Beim zweiten Brand 2019 nahm der Baum weniger Schaden. Lediglich das abgestorbene Material im Inneren sei verbrannt, erläutert Venzke, das frische Holz dagegen habe den Flammen standgehalten. Auf Sicherheitsschnitte am Astwerk wie nach dem ersten Brand wurde verzichtet.
Bereits 1934 war die „Tausendjährige Eiche“ zum Naturdenkmal erklärt worden. Etwa zur selben Zeit übernahm die Familie von Jürgen Reinecke den Hof, auf dessen Grundstück sie steht. Der berühmte Baum ist heute aber auch eine Last für die Reineckes. Vielen Neugierigen reicht es nämlich nicht, ihn aus etwa fünf Metern Entfernung anzusehen – sie steigen über den Zaun, den die Familie vor einigen Jahren bis an den Gehweg versetzt hat. Jetzt ist dieser auch noch mit Stacheldraht versehen, zudem wird der Baum videoüberwacht.
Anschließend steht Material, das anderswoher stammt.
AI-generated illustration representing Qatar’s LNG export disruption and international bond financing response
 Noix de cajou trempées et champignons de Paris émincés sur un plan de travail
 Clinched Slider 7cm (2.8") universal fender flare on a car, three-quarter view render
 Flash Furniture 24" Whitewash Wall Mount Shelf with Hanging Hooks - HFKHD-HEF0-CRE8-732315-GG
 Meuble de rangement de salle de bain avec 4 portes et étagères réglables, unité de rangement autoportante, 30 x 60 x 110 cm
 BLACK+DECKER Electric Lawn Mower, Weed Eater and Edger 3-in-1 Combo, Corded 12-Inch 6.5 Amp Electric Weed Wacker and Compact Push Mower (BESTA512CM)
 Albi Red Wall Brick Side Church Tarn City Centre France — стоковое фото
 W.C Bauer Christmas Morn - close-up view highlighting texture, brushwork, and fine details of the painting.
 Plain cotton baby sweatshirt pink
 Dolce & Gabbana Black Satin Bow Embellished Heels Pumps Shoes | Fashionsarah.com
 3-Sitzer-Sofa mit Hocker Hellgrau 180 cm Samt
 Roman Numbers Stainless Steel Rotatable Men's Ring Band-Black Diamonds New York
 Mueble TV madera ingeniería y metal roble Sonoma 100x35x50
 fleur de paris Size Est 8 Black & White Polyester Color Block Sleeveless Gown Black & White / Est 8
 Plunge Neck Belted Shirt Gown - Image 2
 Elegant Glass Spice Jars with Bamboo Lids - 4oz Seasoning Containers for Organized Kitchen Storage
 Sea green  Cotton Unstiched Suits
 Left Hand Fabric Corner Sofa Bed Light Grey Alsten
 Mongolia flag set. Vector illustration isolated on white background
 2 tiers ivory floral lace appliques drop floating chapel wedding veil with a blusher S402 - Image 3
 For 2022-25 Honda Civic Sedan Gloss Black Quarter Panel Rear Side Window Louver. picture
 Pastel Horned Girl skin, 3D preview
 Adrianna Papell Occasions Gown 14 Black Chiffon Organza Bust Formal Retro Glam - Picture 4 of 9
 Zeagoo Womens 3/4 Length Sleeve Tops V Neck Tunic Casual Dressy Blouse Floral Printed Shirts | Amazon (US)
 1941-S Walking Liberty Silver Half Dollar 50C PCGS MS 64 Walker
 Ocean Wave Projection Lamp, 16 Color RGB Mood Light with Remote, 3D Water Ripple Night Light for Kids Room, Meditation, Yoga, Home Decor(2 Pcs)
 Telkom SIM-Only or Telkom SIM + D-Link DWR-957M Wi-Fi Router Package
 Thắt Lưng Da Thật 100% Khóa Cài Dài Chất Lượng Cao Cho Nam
Hinzu kommt, dass das Grundstück auch an der Radwegverbindung zwischen Hannover und dem Deister liegt. Viele Radler hätten die Chance genutzt, sich auf diesem Weg an der Scheune der Familie zu erleichtern, heißt es. Mit der Versetzung des Zauns wurde nun die stille Ecke aufgelöst. Obendrein wurde der Baum so vor urinierenden Passanten geschützt.
Finanziell ist die Eiche für die Reineckes übrigens ein Minusgeschäft: Für die Fläche, auf der der Baum steht, müsse er die volle Grundsteuer entrichten, sagt der Grundstückseigentümer. Nutzen darf er den Bereich indes nicht. Das ist zum Schutz des Baumes verboten – andernfalls droht eine Strafe von bis zu 50.000 Euro.